As long as the Democrats talked within Republican frames like “tax relief”, they always lost the argument. So why are Labour taking on Tory economic narratives during their party season? They’re handing the election to Cameron on a plate.

The first narrative is that we need to cut public expenditure to save the deficit and curb the national debt. Except that our national debt is much lower than most developed economies, and is projected to stay that way. Our deficit is large, but Cameron’s criticism of any fiscal stimulus would only have landed us in a bigger hole with more unemployment and smaller tax receipts; perhaps even a depression.

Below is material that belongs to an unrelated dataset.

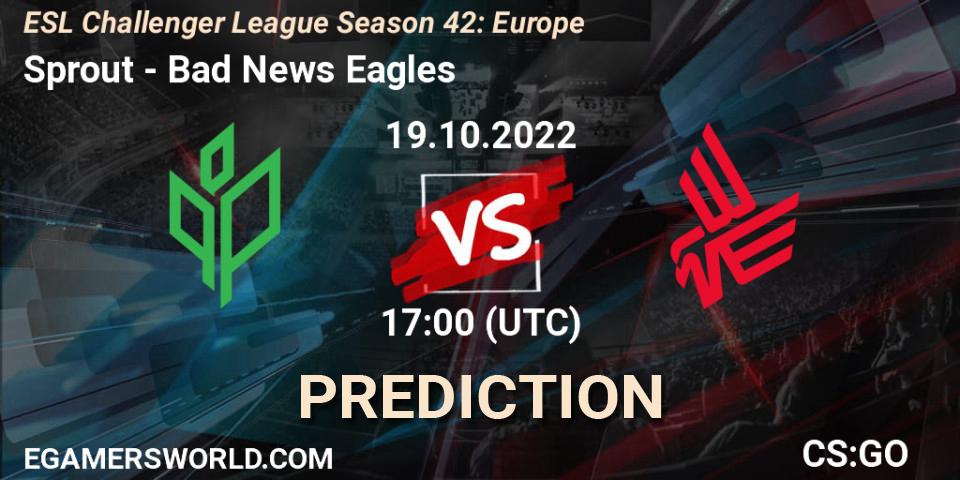 Pronósticos Sprout - Bad News Eagles. 19.10.2022 at 17:00. ESL Challenger League Season 42: Europe - Counter-Strike (CS2)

The second is that the public sector is an unproductive drag on the economy, and should be the focus of cuts. Except that the public sector injects stable spending power into the economy; provides the infrastructure and services that business can’t function without; subsidises businesses who want to pay scandalously low wages through the benefits system; is funded more by working people’s tax contributions than those direct from business; and so on.

For much of the left wing commentariat, who think “Left equals Labour”, this is more evidence of the intellectual vacuum at what’s left of the heart of the left Labour project. But New Labour was born from the marriage of social democracy and New Right economic thinking. Brown et al are never going to seriously rethink the economic terrain they shaped, which contributed to the near-collapse of the economy. Their only narrative these past few months has been “our cuts will be nicer”. Nice.

If only those commentators would look beyond Labour to parties who are articulating a genuine alternative, and who are challenging these Tory narratives. Like, urm, the Green Party. At the moment they seem resigned to an electoral wipeout without redeeming heros.